Vice Chancellor

Comilla University
- In office 31 January 2022 – 19 August 2024
- Preceded by: Emran Kabir Chowdhury

Personal details
- Born: 1964 (age 61–62) Gopalganj, East Pakistan, Pakistan
- Alma mater: University of Stirling
- Occupation: Academic, university administrator

= A. F. M. Abdul Moyeen =

Bangladeshi educationalist

A. F. M. Abdul Moyeen (born in 1964) is a Bangladeshi educationalist. He is a professor in the Department of Management at the University of Dhaka and a former vice-chancellor of Comilla University during 2022–2024.

==Early life and education==
Moyeen was born in 1964 in Kotalipara, Gopalganj.

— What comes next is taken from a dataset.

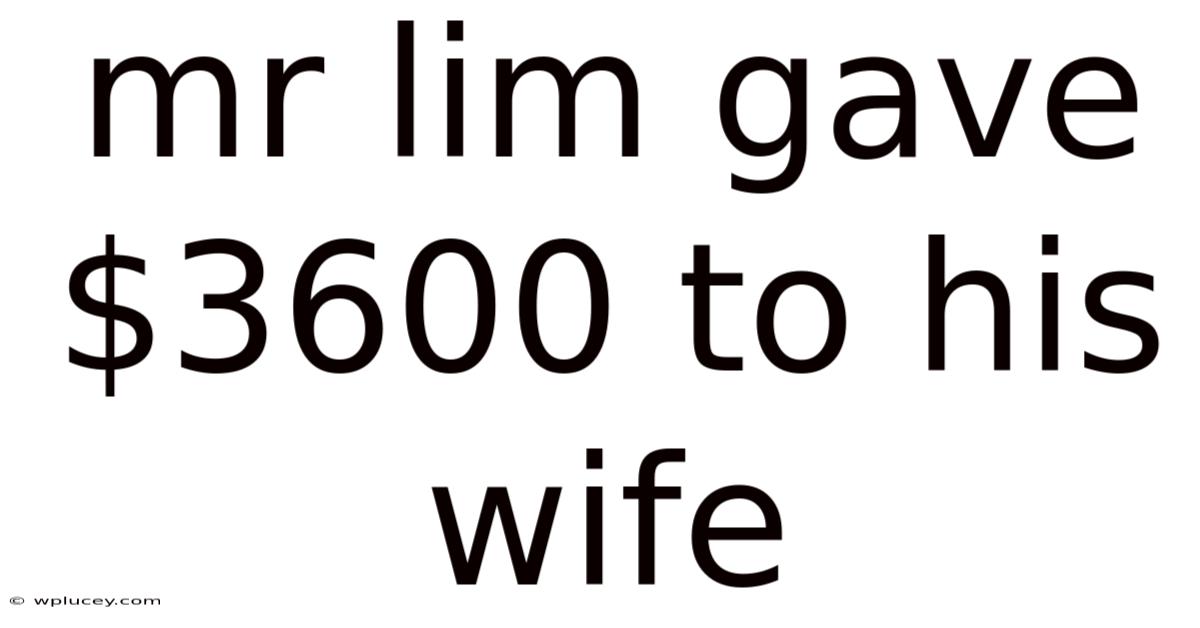 Mr Lim Gave $3600 To His Wife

Moyeen passed his secondary examination from Barisal Zilla School and his higher secondary examination from Brojomohun College, Barishal. He received his B.Com. degree in 1984 and M.Com. degree in 1985 from the Department of Management of Dhaka University. He holds a PhD in strategic management from the University of Stirling in Scotland, and completed post-doctoral research at the Australian National University.

==Career==
Moyeen has 33 years of teaching experience across two institutions: the University of Dhaka and Federation University Australia. He also worked as a post-doctoral fellow at the Australian National University. In addition, he has experience working with various international organizations.

Moyeen was appointed vice-chancellor of Comilla University on 31 January 2022. He resigned from the position on 11 August 2024.

==Publications==
Moyeen published research articles in national and international journals.